Exercise instructions - Look below for the line with "Loft en venda en Pineda de Mar amb Terrassa"; begin the copy there and stop after the line with "Tesla Model 3 2021 immagine di auto #3", keeping the text exact and the pictures out.

Input records Start Marker

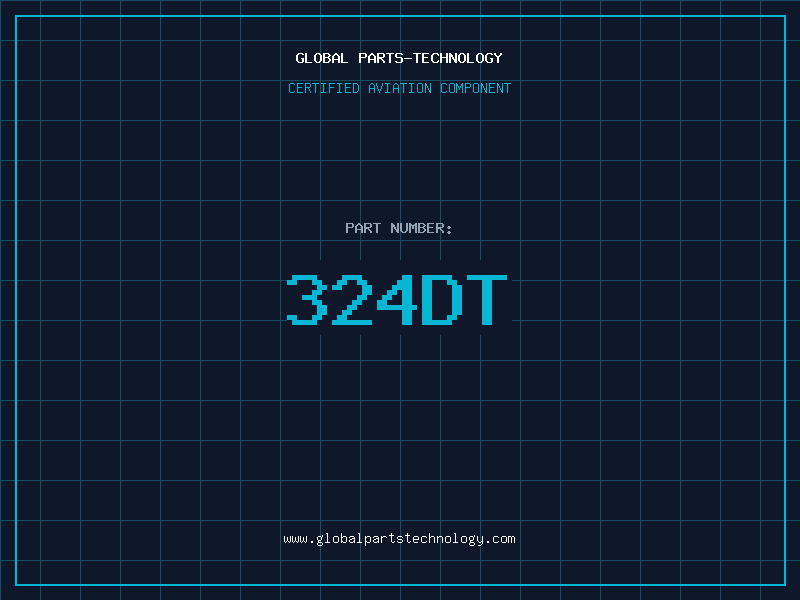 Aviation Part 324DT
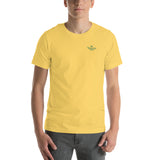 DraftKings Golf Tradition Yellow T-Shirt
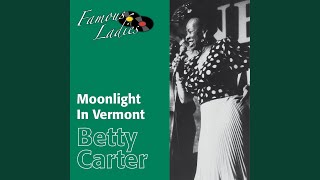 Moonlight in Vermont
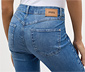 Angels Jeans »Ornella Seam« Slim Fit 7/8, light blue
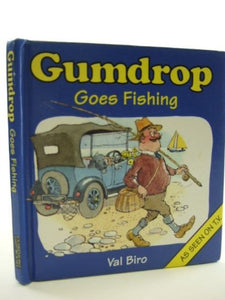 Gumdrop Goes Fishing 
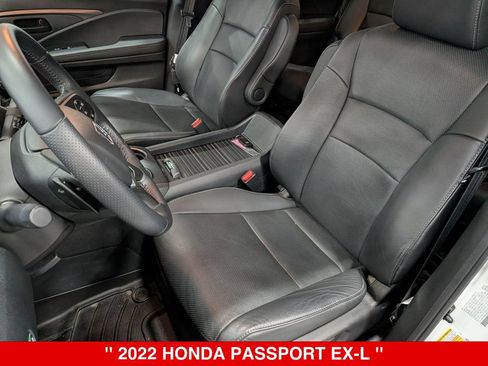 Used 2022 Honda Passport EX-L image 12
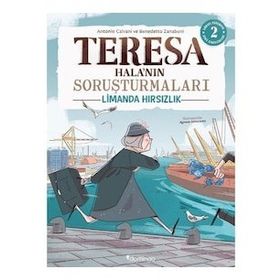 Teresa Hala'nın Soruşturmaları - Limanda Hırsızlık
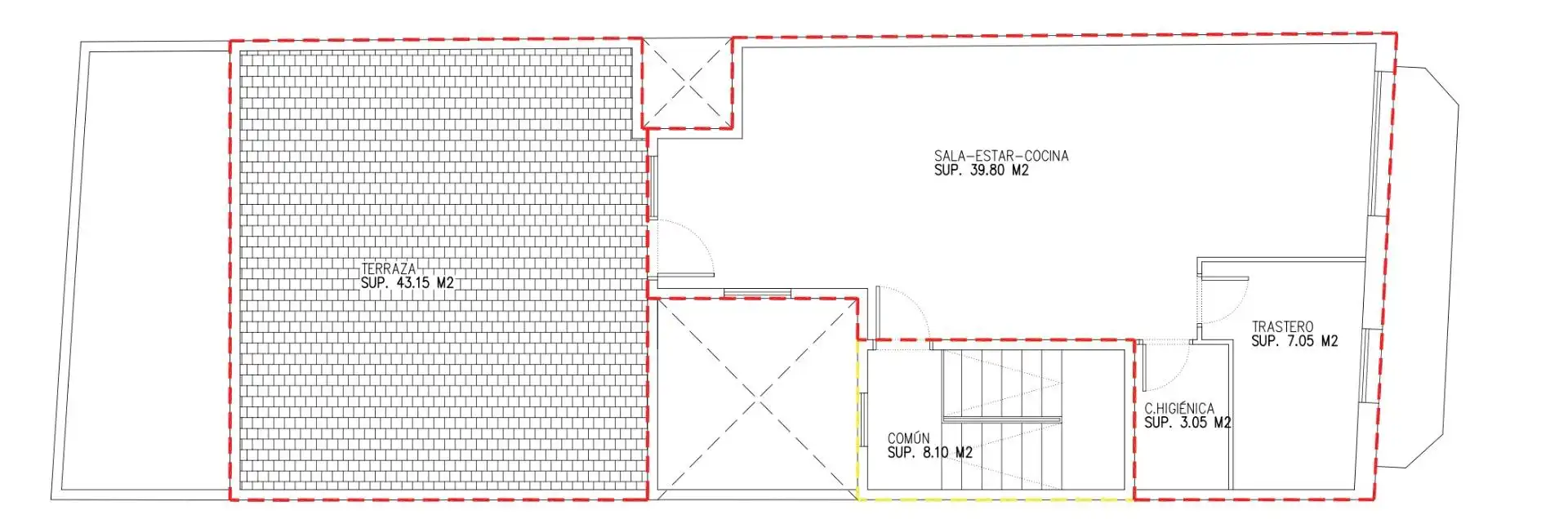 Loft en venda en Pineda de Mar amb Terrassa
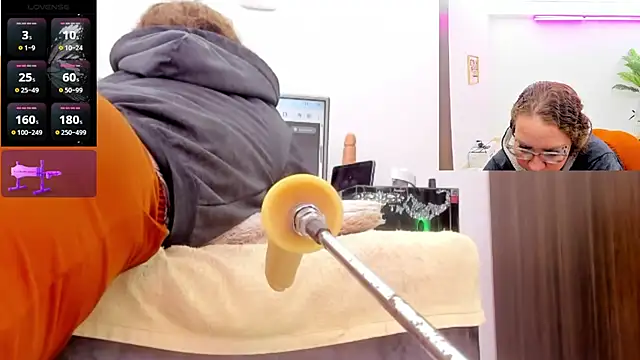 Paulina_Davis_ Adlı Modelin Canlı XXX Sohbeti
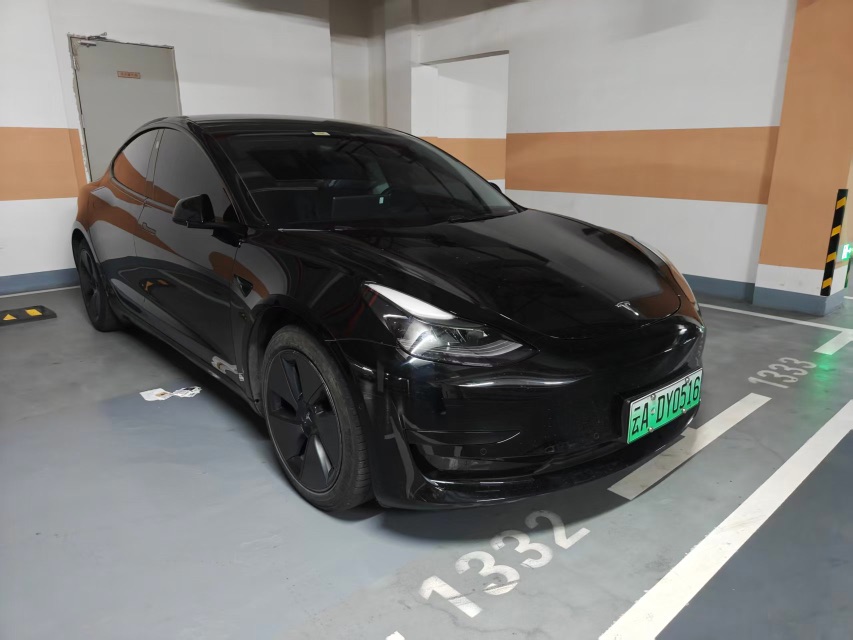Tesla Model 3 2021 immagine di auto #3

Input records End Marker
Input records Start Marker

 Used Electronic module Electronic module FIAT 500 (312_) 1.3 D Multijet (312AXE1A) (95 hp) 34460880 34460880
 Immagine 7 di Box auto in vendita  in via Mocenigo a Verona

Input records End Marker

Solution to this task -
 Loft en venda en Pineda de Mar amb Terrassa
 Paulina_Davis_ Adlı Modelin Canlı XXX Sohbeti
Tesla Model 3 2021 immagine di auto #3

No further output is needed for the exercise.